Meet the Storyfest Finalists: Sophie Kaplan

Sophie Kaplan is a sophomore at The George Washington University studying political communication. She heard of Planet Forward’s Storyfest 2016 contest from her professor, Dr. Cheers, who is also the educational partnerships coordinator for Planet Forward. For her submission, Sophie created a video that focused on Compost Cab, an organization that encourages local composting to create hundreds of pounds of nutrient-rich, fertile and natural soil.

We asked her a few questions to learn more about her entry.

Q: Describe Compost Cab’s innovation in simple terms for those who have never heard about it.

A: Compost Cab is a company that picks up your waste for you — similar to garbage truck — except they only take your food scraps and use it to make fertile soil.

Q: What was the process behind creating your submission? Why did you choose to communicate your innovation through this video format?

A: I really wanted to do my project on Compost Cab but I was having a hard time getting in contact with them. After 5 calls and a few emails, I finally got a hold of them and set up a time to interview the founder, Jeremy, and go to the compost site and farmers market. I had a really good time filming this video. The compost site was in the National Arboretum. After I was done filming, I helped them unload all the waste and start the composting process. I think video is a really fun and interactive way to communicate (a message). It engages a variety of senses...

Q: Why is this innovation so important to you? Why do you think it is one of the most essential methods to help sustainable cities?
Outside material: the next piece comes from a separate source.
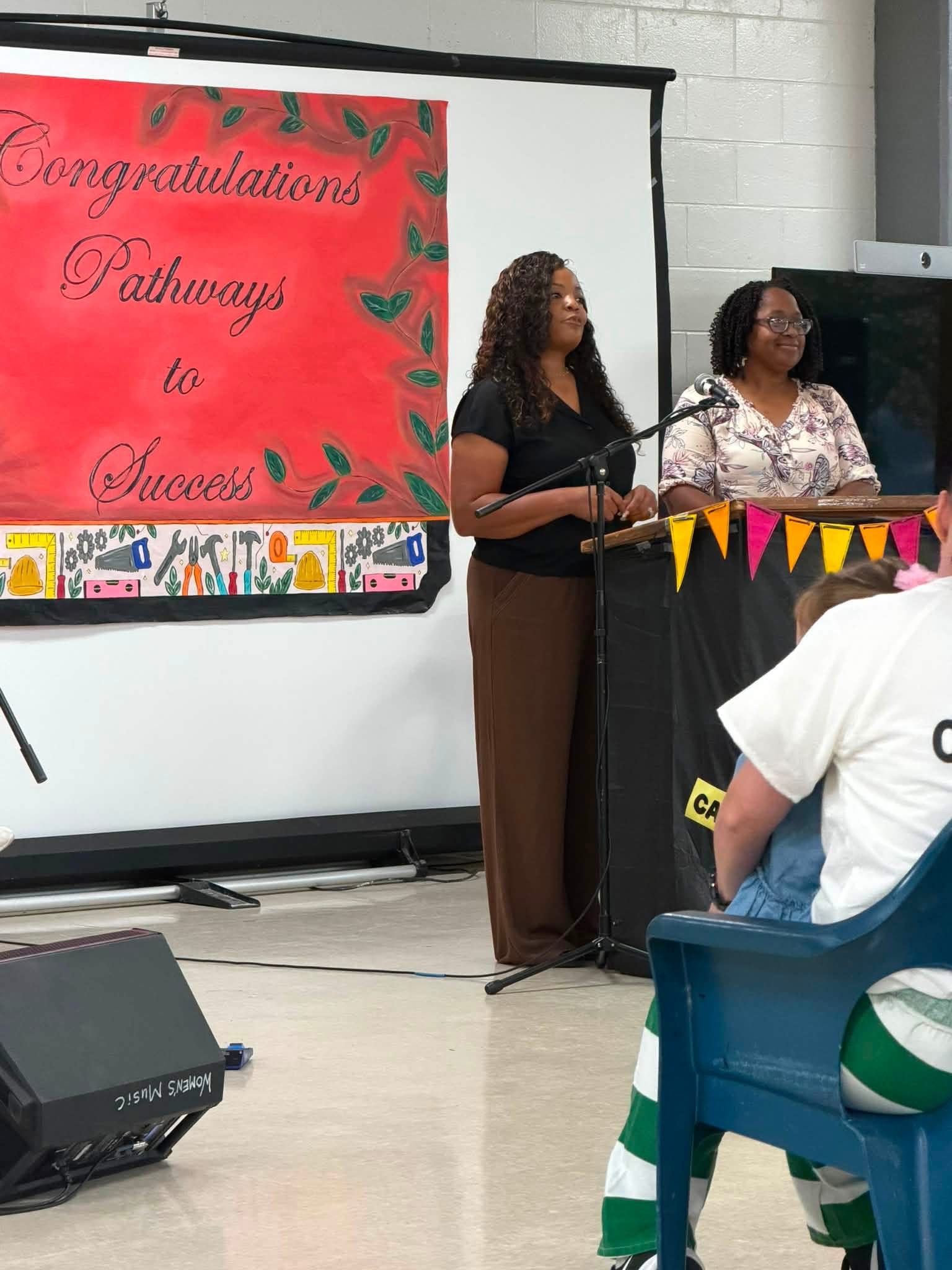 Two speakers at the podium beside the red Congratulations Pathways to Success banner at CMCF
A: I really wanted to find an innovation about trash. My dad worked on landfills and waste treatment plants when I was younger. It always baffled me when I was younger that we just buried all of our trash. In a city that is growing exponentially, where we put our trash is becoming a really important question. Composting is a way to reduce the waste that we produce but also to reuse our waste and put it back into the cycle of earth. This innovation makes it easier for people and families to participate in this cycle of life.